1916’da şarkıcı/oyuncu bir anne (Lillian Fontaine) ve İngilizce profesörü bir babanın (William de Havilland) ilk çocukları olarak Japonya’da dünyaya geldi. Babası Tokyo Üniversitesi’nde hocaydı. Olivia, oyuncu annesi sayesinde 4 yaşında baleye, 5 yaşında piyanoya başladı. Annesi, henüz o yaşta kendisine diksiyonu düzgün olsun diye Shakespeare’den pasajlar okuturdu.
1933’te “Alis Harikalar Diyarında” prodüksiyonuyla tiyatro sahnesine adım attı. Annesinin sonrada evlendiği üvey babası Olivia’nın oyunculuk yapmasını istemiyordu. Jane Austen’in Gurur ve Önyargı romanının bir sahne uyarlamasında başrolü kapınca üvey babayla restleştiler. Evde kalmaya devam etmek istiyorsa rolü bırakacaktı. Olivia evden ayrılıp bir arkadaşında kalmaya başladı.
Olivia liseyi bitirdikten sonra öğretmenlik okuluna burs kazandı. Saratoga Halk Tiyatrosu’nun “Bir Yaz Gecesi Rüyası”nda Puck rolüne seçilmişti. O yaz ünlü Avusturyalı yönetmen Max Reinhardt, aynı oyunun büyük bir prodüksiyonunu yönetmek üzere Hollywood’a gelmişti. Asistanlarından biri Olivia’yı izleyince, onu Hermia karakterinin ikinci yedeği olarak oyuna aldılar. Diğer iki oyuncu da bırakınca, rol 18 yaşındaki Olivia’ya kaldı. Aynı yıl oyunun film versiyonu gündeme gelince, Warner Bros. stüdyolarıyla 5 yıllık bir kontrat imzaladı ve böylece sinema kariyeri başlamış oldu.

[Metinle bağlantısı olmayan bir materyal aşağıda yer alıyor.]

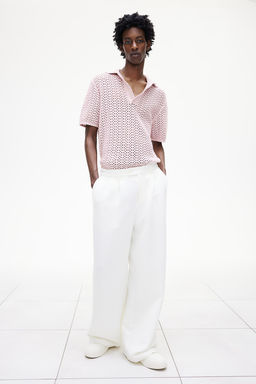 Polo en punto pointelle Loose Fit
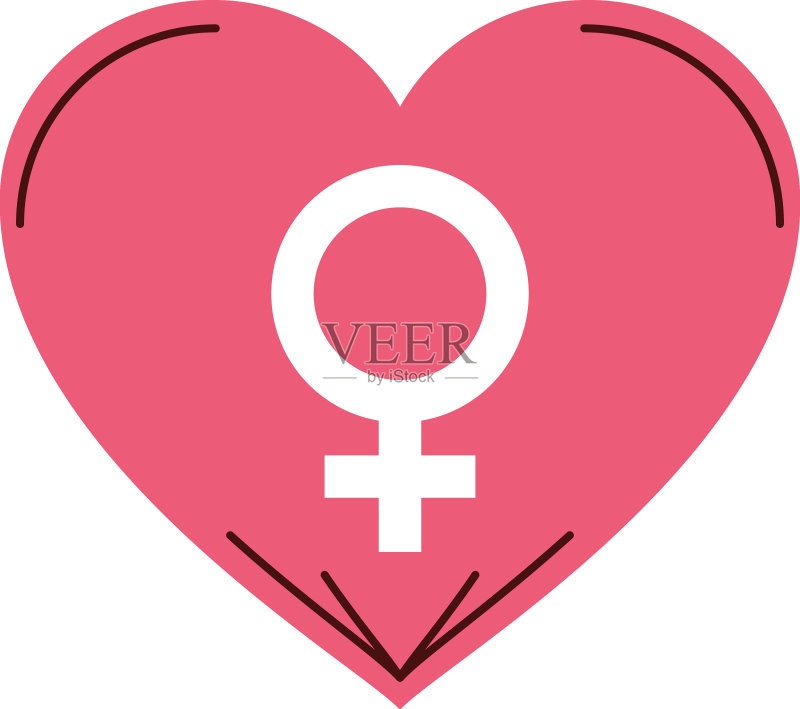国际妇女节心形图案图标素材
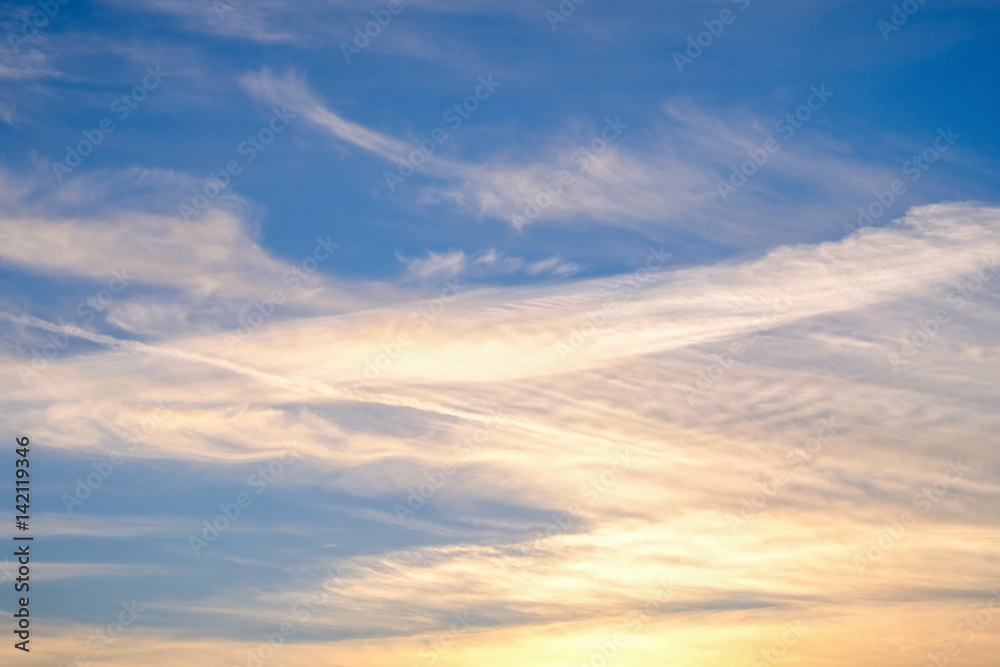 Sky with clouds at sunset
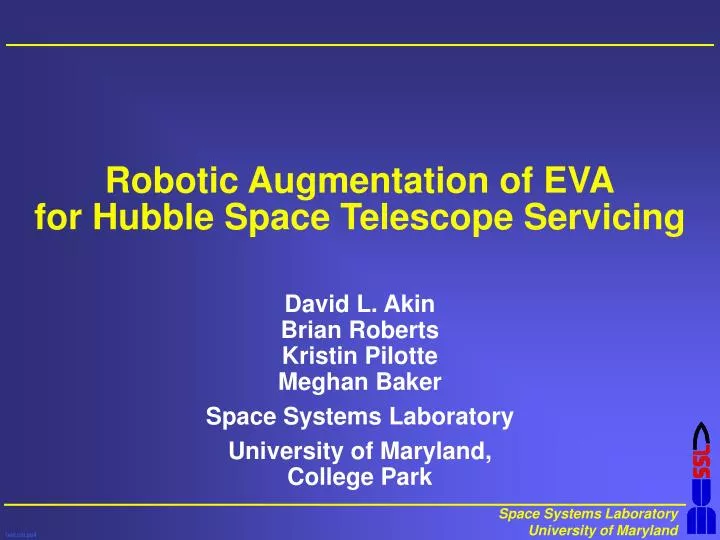 robotic augmentation of eva for hubble space telescope servicing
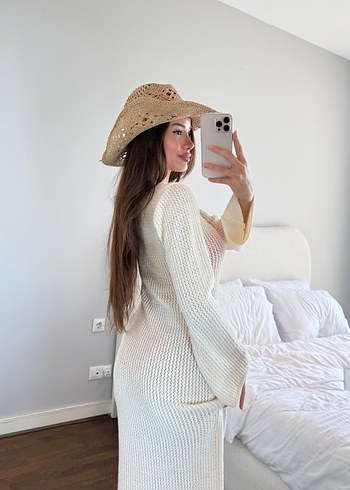 Beyaz V Yaka Uzun Triko Elbise - Görsel 5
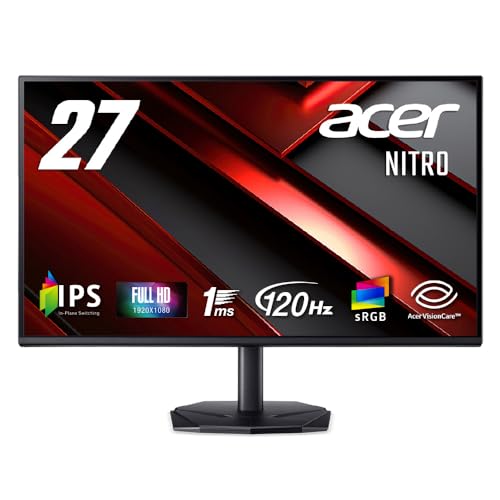 Acer Nitro ゲーミングモニター 27インチ フルHD 非光沢 IPS 120Hz 1ms(VRB) sRGB 99% AdaptiveSync ブラックブースト ゲームビューテクノロジー ブルーライト低減 HDMI 1.4 DisplayPort v1.2 ミニDSub 15ピン VESAマウント対応 KG271Gbip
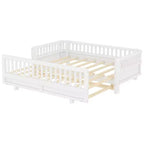 Letto a piattaforma convertibile grigio/bianco con sponde, da singolo a doppio/da singolo XL a queen size, per 1-2 persone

Erroll Flynn’le oynadığı “Captain Blood / Kaptan Kan(1935)” filmi bir dönüm noktası oldu. 1938’de yine Erroll Flynn’le “Robin Hood’un Maceraları”nda oynadı ve klasik Hollywood döneminin bu en sevilen filmlerinden biriyle yükselişe geçti. 1939’da “Rüzgar Gibi Geçti”deki Melanie Hamilton rolü geldi. Olivia senaryoyu okuyup başrol Scarlett’i isteyen birçok oyuncunun tersine yan karakter Melanie’yi istemişti. Bu rolle ilk Oscar adaylığını kazandı.
1940’ta yine Erroll Flynn’le altıncı filmleri, bir western olan “Santa Fe Trail”de oynadı; film büyük başarı kazandı. Flynn’le sekizinci ve son projeleri “They Died With Their Boots On”un son sahnesinde Flynn’in ikilinin kariyerini özetleyen şöyle bir lafı vardır: “Sizinle hayat yolunda beraber yürümek hanımefendi, çok zarif birşeydi”.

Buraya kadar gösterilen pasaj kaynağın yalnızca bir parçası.